Two loss criterions simple Auto encoder

Kasi_Chennupati · September 8, 2021, 11:44am

Hi

i have created a simple Linear AE and using adam optimizer
i have two functions to minimize

loss1 = reconstruction loss
loss 2 = centroids and encoded space euclidean distance
so I created something like below pytorch version 1.9.0+cu102

loss1 = 0.8*criterion(decoded, image)
loss2 = torch.sum(torch.cdist(encoded, dist_matrix.to(device))**2)

loss = loss1 + loss2
loss.backward(retain_graph=True)
optimizer.step()
optimizer.zero_grad()

Auto encoder code

class LAE3d(nn.Module):
    def __init__(self):
        # N, 784(28*28)
        super(LAE3d, self).__init__()
        self.encoder = nn.Sequential(
            nn.Linear(1*28 * 28, 1000),
            nn.ReLU(),
            nn.Linear(1000, 250),
            nn.ReLU(),
            nn.Linear(250, 50),
            nn.ReLU()
        )
        self.decoder = nn.Sequential(
            nn.Linear(50, 250),
            nn.ReLU(),
            nn.Linear(250, 1000),
            nn.ReLU(),
            nn.Linear(1000, 1*28*28),
            nn.ReLU()
        )

    def forward(self, x):
        encoded = self.encoder(x)
        decoded = self.decoder(encoded)
        return encoded, decoded


model = LAE3d()
model.to(device)
criterion = nn.MSELoss()
optimizer = torch.optim.Adam(model.parameters(), lr=0.001)

print(summary(model, input_size=(1, 1*28*28)))

basically trying to recreate Paper

I get the following error

RuntimeError: one of the variables needed for gradient computation has been modified by an inplace operation: [torch.cuda.FloatTensor [250, 50]], which is output 0 of TBackward, is at version 305; expected version 304 instead. Hint: the backtrace further above shows the operation that failed to compute its gradient. The variable in question was changed in there or anywhere later. Good luck!
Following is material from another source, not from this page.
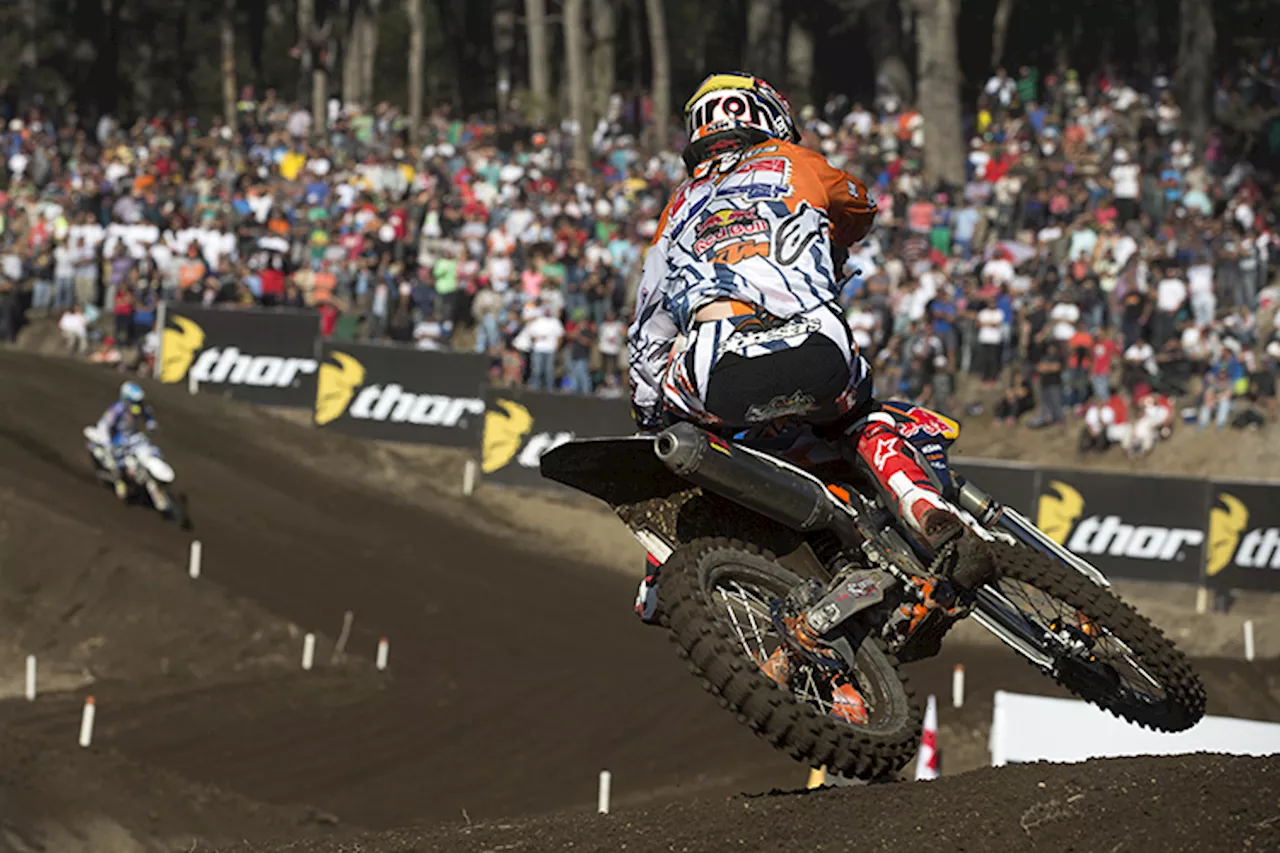 Motocross-GP: Saisonauftakt in Argentinien gesichert?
ptrblck · September 9, 2021, 5:33am

The retain_graph=True option might be the root cause for this error and is often not needed.
Could you explain why you are using it and if your model would work without this argument?

Kasi_Chennupati · September 9, 2021, 9:36am

Hi

No, this gives the following error.

i use the retain graph =true because to avoid freeing up the grad applied to the encoder weights and decoder weights… so to avoid the mismatch of weight data when the second loss is applied

RuntimeError: Trying to backward through the graph a second time (or directly access saved variables after they have already been freed). Saved intermediate values of the graph are freed when you call .backward() or autograd.grad(). Specify retain_graph=True if you need to backward through the graph a second time or if you need to access saved variables after calling backward.
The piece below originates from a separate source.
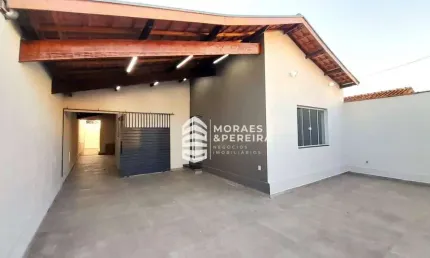 Casa com 3 dormitórios à venda, 159 m² por R$ 550.000,00 - Vila Rica - Pindamonhangaba/SP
ptrblck · September 9, 2021, 9:46am

I don’t quite understand the use case, since you are adding both losses in your initial post and call loss.backward() on the accumulated loss.
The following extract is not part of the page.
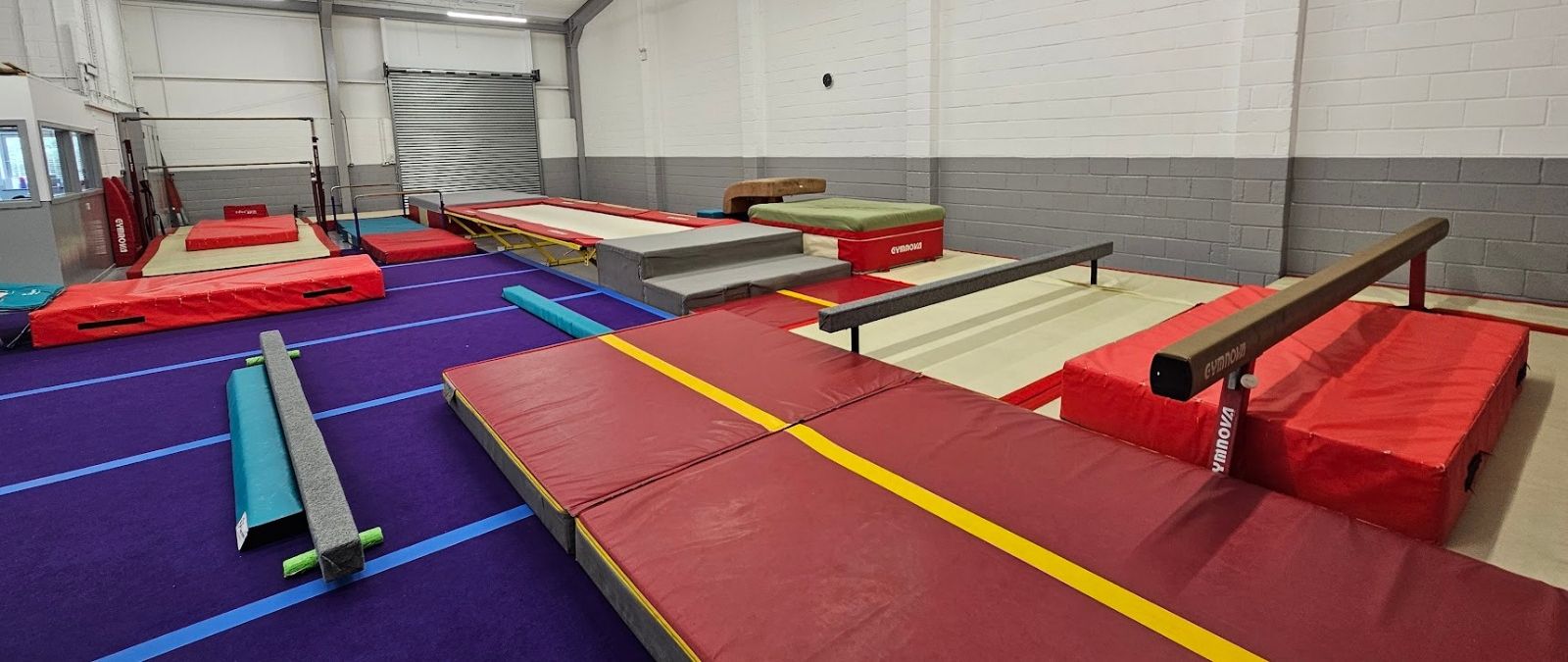 Taiso Gymnastics Facility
Kasi_Chennupati · September 9, 2021, 4:18pm

use case:
i want to cluster the encoded data into n clusters while its training so loss1 is the reconstruction error and loss 2 is euclidean distance between the centroids and encoded data.

i want to minimize both the losses so I can improve clustering efficiency.

so I did loss1+loss2 and loss.backward()

ptrblck · September 9, 2021, 5:49pm

That sounds valid and I don’t know why retain_graph=True would be needed.
Based on your description you are executing forward passes through the models, calculate losses, accumulate them, and call backward on the final loss.
I don’t see why the graph should be kept alive and where the “backward through the graph a second time” issue would be raised.